Le indicazioni di una “dinamica misura” — mi si passi il bisticcio, che è voluto – potrebbero essere tante: ecco il grande occhio finechiomato su un passaggio urbano in dissolvenza che richiama i Piani verticali azzurri e rossi di Kupka (anche qui, come in altri dettagli dell’opera di Garofalo, un ponte tra il Fauvismo e il Cubismo); e un Adamo ed Eva del ’90, dove gli accenni figurali dei due scomparti s’immergono in un indistinto metafisico. Non viene mai meno l’autonomia di ideazione e di stile. E non ci si lasci trarre in errore da certe contiguità di superficie: si noti in una Composizione del ’79 un gioco di modulazioni puntinate, che sostituisce però al “pointillisme” di Seurat e di Signac, d’impronta prevalentemente razionale, una libera vibrazione del colore.

Una decina di anni fa Filiberto Menna sottolineava per Tonina Garofalo “una marcata capacità di trasfigurazione fantastica”. Credo si tratti, in definitiva, di una reciprocità simbolica: il vissuto, assunto tra urti spietati ed estasi contemplative, tra lacerazioni ed aperture verso i cieli alti del sogno, si veste di stupori e di sovrasensi, perdendo la propria ovvietà rutinaria; mentre l’attesa, l’esplorazione ansiosa dentro ed oltre le spoglie, il sospetto di una latitudine altra s’intramano, prestando alla “immagine” i connotati della “visione”, di tutti i suggerimenti del reale.

Volto, foglia, uccello, rametto, come nella lito intitolata Autunno, diventano allora i segni di una persistenza ostinata; senza questo arrestare lo slancio di superamento, la bruciante inquietudine dell’artista che vorrebbe svincolarsi dalla prigione della contingenza.

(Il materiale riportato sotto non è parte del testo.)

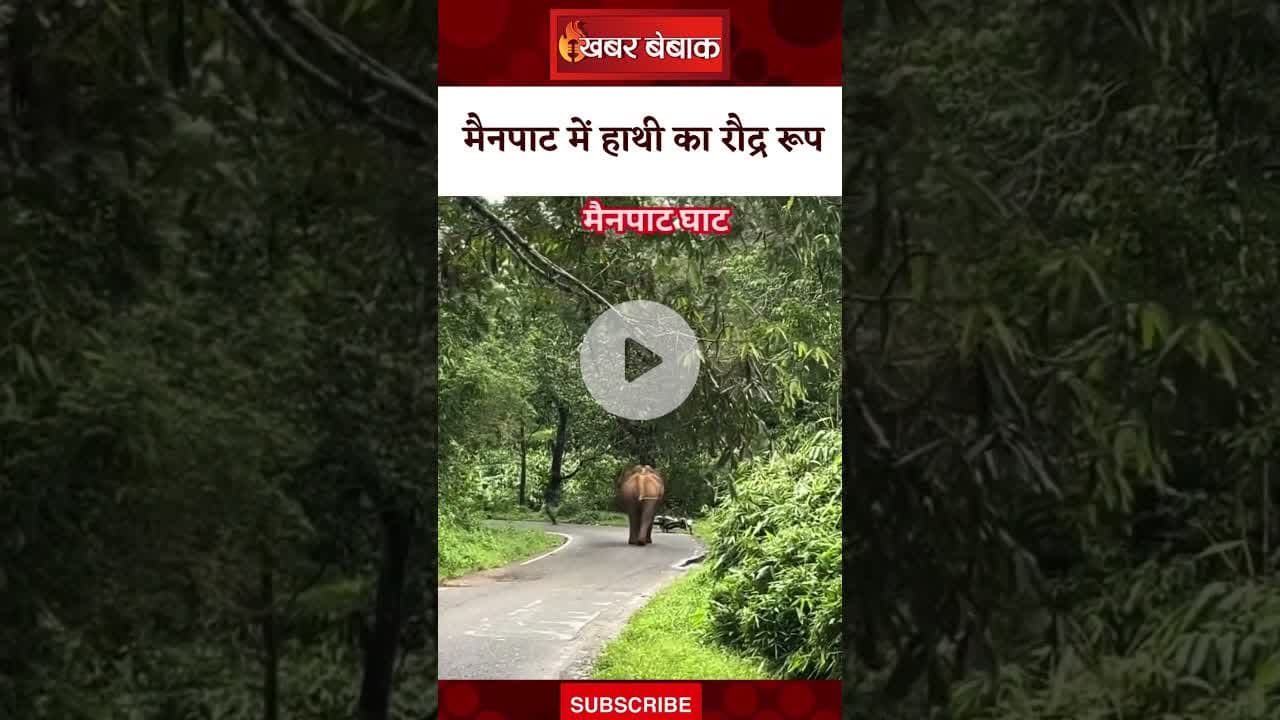 Mainpat में हाथी का रौद्र रूप | CG Elephant Viral Video | #chhattisgarh #mainpat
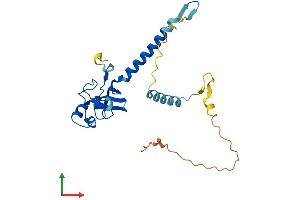 Protein Structure (PS) image for Mediator Complex Subunit 6 (MED6) (AA 1-246) protein (His tag) (ABIN7549302)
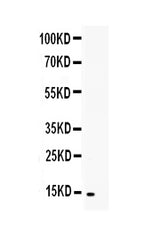 Anti-TNFSF18 Antibody Picoband® Boster Bio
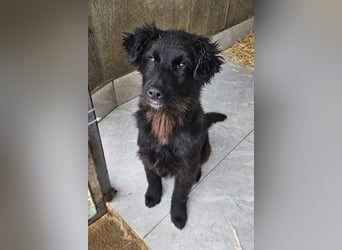 Robbie wünscht sich sein eigenes Körbchen (53498 Bad Breisig)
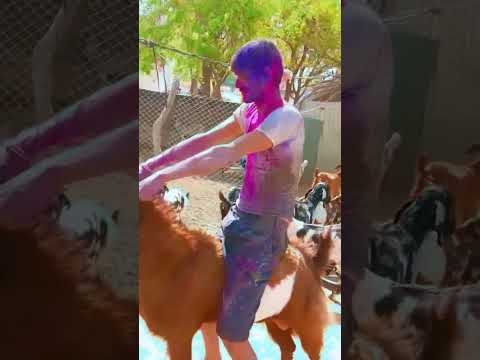 Holi special #funny #comedy #youtubeshorts #lasteststatus #tredingshorts #viralvideo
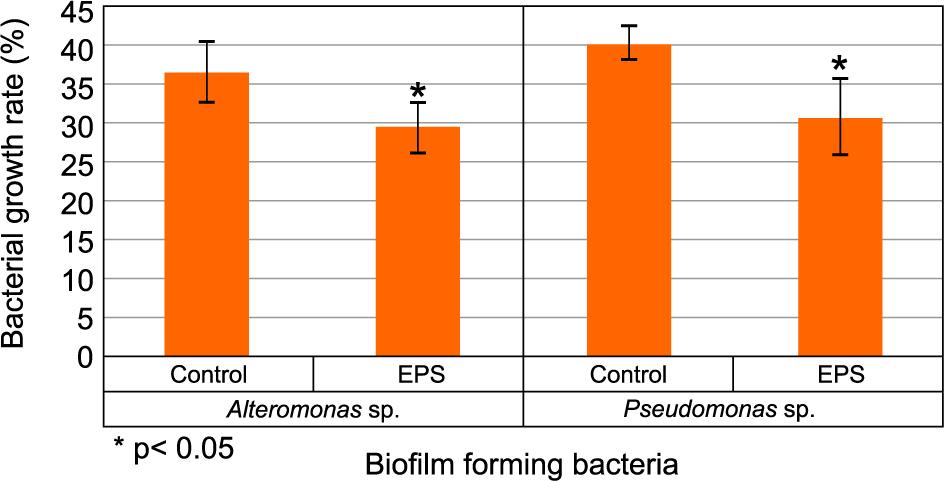 The growth inhibition effect of EPS on the growth biofilm-forming bacteria Alteromonas sp. and Pseudomonas sp.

E senza dubbio indice di complessa e sofferta spiritualità il contrasto fra idea, hegelianamente intesa, e concretezza pragmatica. Un dissidio millenario che ha fatto, di là della usura materialistica, la grande arte e la grande poesia. Ma è dalla tentata conciliazione che viene fuori appunto la qualità del linguaggio; mentre, per quel che concerne i traguardi del mestiere, basta considerare (come ha ben visto Luigi Tallarico in alternanza alle logoranti proiezioni dell’idea), la limpida stesura del segno, la “rigorosità che corregge l’emozione”.

Fatto è che ci troviamo di fronte ad una personalità per nulla assimilabile all’anonimìa dei modelli correnti. Che non si appaga dell’effimero ma cerca dialetticamente, senza rinunciare al controllo scrupoloso dei mezzi espressivi, una risposta al perché del proprio consistere.